Beneath this task are records; print exactly the stretch of them from the line with "Renault Korea (Samsung)" through the line with "Refrigerator - $695.00", both ends included.

• _Records for the exercise_
-- Opening Marker --

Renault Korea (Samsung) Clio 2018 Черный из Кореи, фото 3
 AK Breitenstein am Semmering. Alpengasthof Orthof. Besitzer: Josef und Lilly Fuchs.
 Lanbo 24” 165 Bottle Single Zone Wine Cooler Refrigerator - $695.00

-- Closing Marker --
-- Opening Marker --

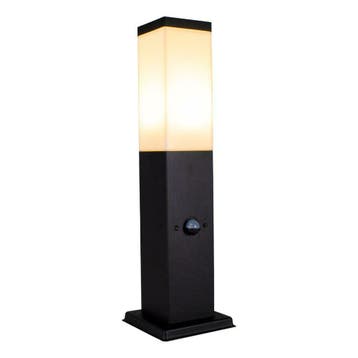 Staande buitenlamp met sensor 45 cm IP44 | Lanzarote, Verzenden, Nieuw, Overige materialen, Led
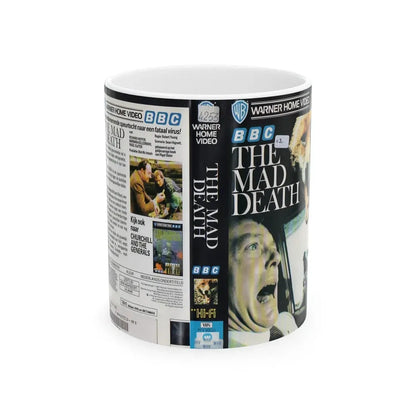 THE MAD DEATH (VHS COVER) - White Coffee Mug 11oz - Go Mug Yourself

-- Closing Marker --

• _Exercise answer_
Renault Korea (Samsung) Clio 2018 Черный из Кореи, фото 3
 AK Breitenstein am Semmering. Alpengasthof Orthof. Besitzer: Josef und Lilly Fuchs.
 Lanbo 24” 165 Bottle Single Zone Wine Cooler Refrigerator - $695.00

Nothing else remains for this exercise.